Le dépôt donne sur la route de Mbour, d’où les charretiers y accèdent. Il n’est pas rare qu’un gros nuage visible de loin, s’en échappe enveloppant une bonne partie du quartier et réduisant fortement la visibilité sur la route voisine.

Le voisinage suffoque

En consumant les matières plastiques, les pneus usés, les ordures ménagères et autres cadavres d’animaux morts, déposés dans cette ancienne carrière de calcaire, le feu régulièrement allumé par les récupérateurs, envoie dans l’air un gaz sulfurique.

‘’Si on vous dit que c’était un vaste trou, vous ne le croirez pas’’, taquine Aïssata Aw, une voisine de Hadja A. Ndiaye.

La décharge étant tout le temps en feu, ‘’nous sommes obligés parfois d’allumer de l’encens, de nous calfeutrer, pour fuir l’odeur et la fumée, surtout quand il y a du vent comme aujourd’hui (dimanche 20 avril)’’, relate-t-elle.

‘’Quand je suis tombée enceinte de mon garçon, j’ai dû quitter le quartier, pour aller à Silmang, sur conseil de mon gynécologue, parce que j’étais souvent enrhumé, en plus les meubles, le sol, les rideaux de la maison sont toujours couverts de suie’’, raconte Aïssata Aw.

Au sommet du tas d’immondices, des dizaines de petits feux flambent spontanément, attisés par un vent chaud et sec.

Cette pollution ambiante couvre un vaste rayon tout autour du dépotoir, d’est en ouest, du nord au sud.

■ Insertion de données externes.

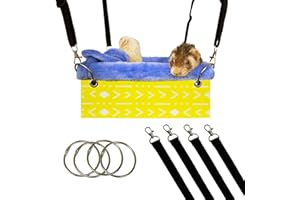 AUTHENTIC JOY Ferret Hammock For Cage Box, use as Hanging Bed or Secure to Cage. Ferret Cage Accessories w/ Adjustable Straps, Perfect Small Pet Bed, Hanging cat hammock Bed, Guinea Pig Bed or Rabbit Bed.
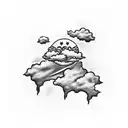 Clouds with a thunder storm going through it with a latvian flag on it tattoo design idea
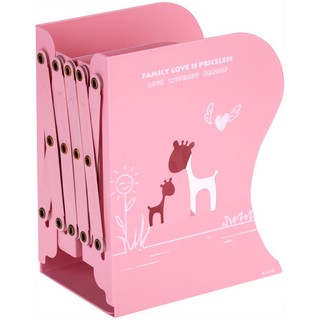 Подставка для книг MESHU, 3 отделения, раздвижная, розовая 2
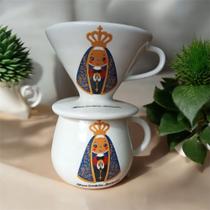 Coador/Filtro de Porcelana + Caneca de 500ml branca - Nossa Senhora Aparecida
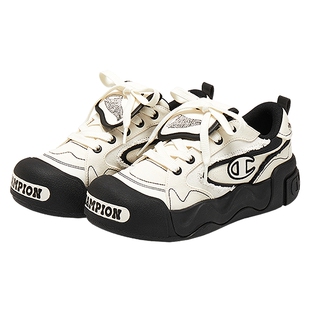 Champion冠军面包鞋2026春季新款厚底红色板鞋女潮流增高休闲鞋男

Les riverains sont enfumés jour et nuit.

‘’Aujourd’hui, avec le vent qui ne s’arrête pas et le feu qui brûle tout autour de la maison, nous sommes obligés de porter des masques, même dans les chambres et de nous adapter’’, confie Awa Ly, une mère de famille dont le domicile est à moins de dix mètres de la décharge.

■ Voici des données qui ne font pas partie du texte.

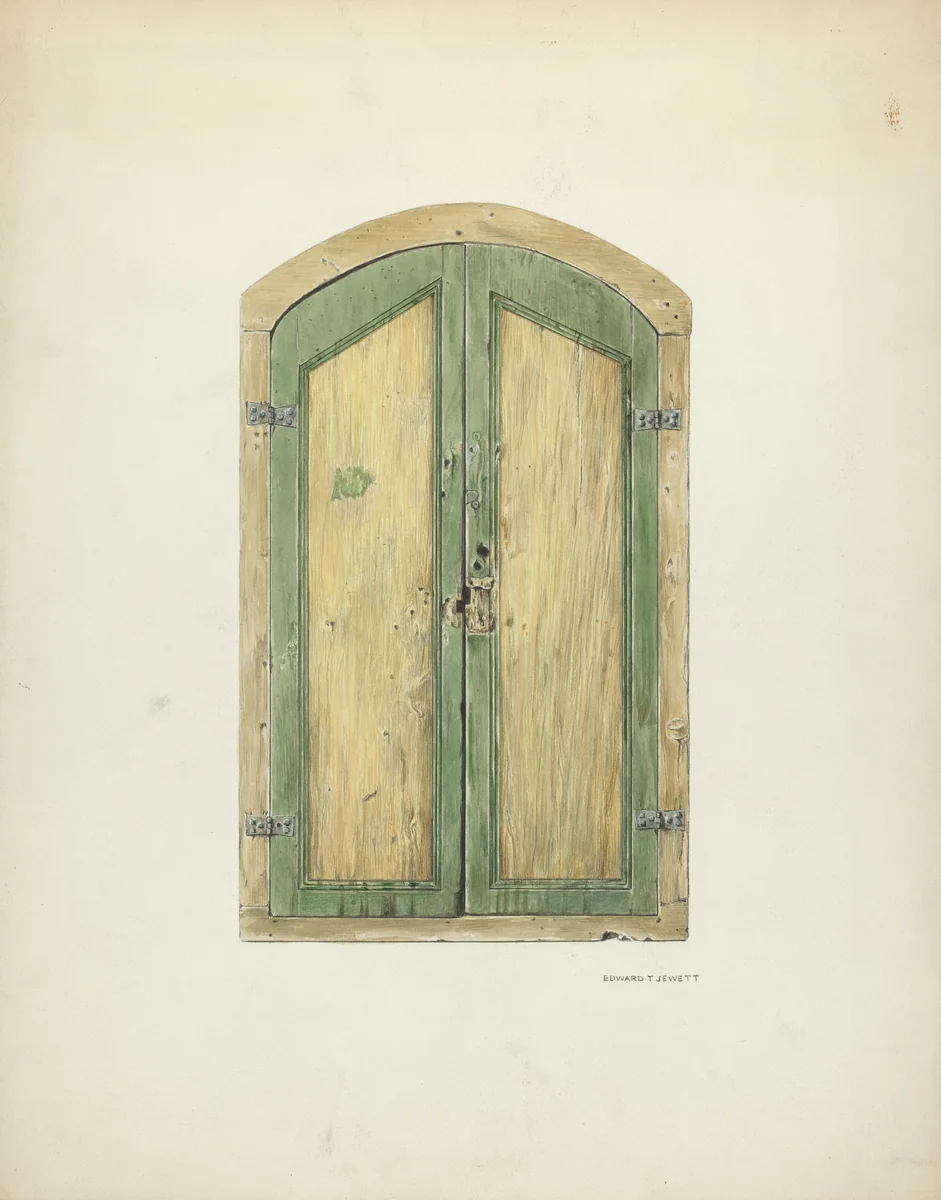 Painted Wooden Shutter by Edward Jewett, index of american design, 1937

S’adapter, c’est ce qu’elle fait d’ailleurs depuis 2012, l’année où elle est venue habiter dans ce quartier. Le décor est le même depuis lors. Les sachets plastiques transportés par le vent prennent feu autour de chez elle.

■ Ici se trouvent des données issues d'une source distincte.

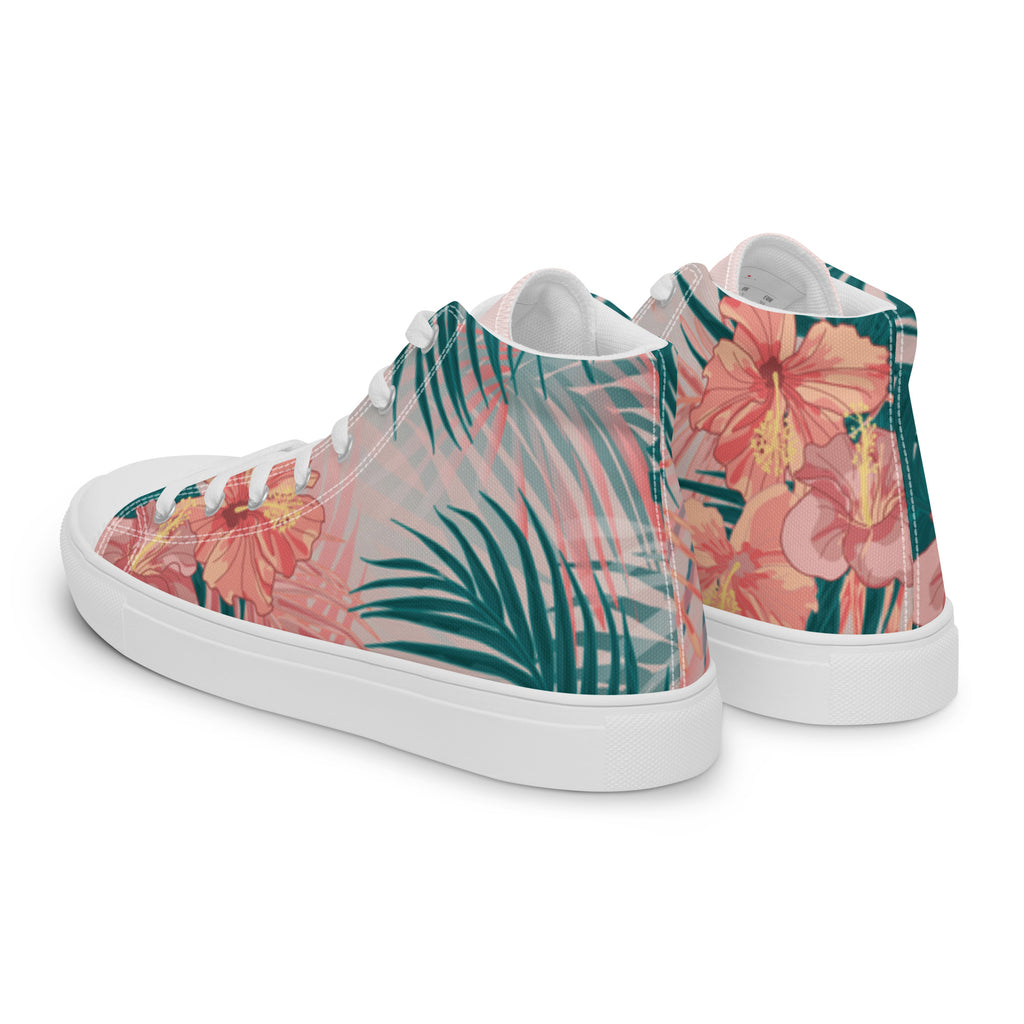 Baskets montantes en toile imprimé tropical, vue trois-quarts arrière, semelle blanche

Ce sont les recycleurs qui brûlent des pneus usés, pour en extraire le fil de fer. En plus de la fumée que provoque cette opération, les objets flambants charriés par le vent constituent un véritable danger pour le voisinage.

‘’Les braises qui sont déplacées par le vent font que partout autour de la maison, on a du feu tout le temps’’, se plaint Aïssata Aw.

‘’Nous souffrons, mais nous sommes obligés de respirer cet air qui n’est pas bon pour notre santé’’, se résigne-t-elle.

A l’image de la fameuse décharge de Mbeubeuss à Dakar, celle de Keur Massamba Guèye II, illustre parfaitement la lancinante problématique de la gestion des ordures au Sénégal, notamment ce dernier maillon de la chaîne, que constituent les décharges.

“Des fois, nous sommes obligés de libérer les élèves’’

Non loin du domicile de Awa Ly, il y a l’école primaire Keur Massamba Guèye II, un établissement à cycle complet, abritant également un cycle préscolaire.

Les 482 élèves de Keur Massamba Guèye II subissent l’assaut quotidien de la fumée qui émane de la décharge.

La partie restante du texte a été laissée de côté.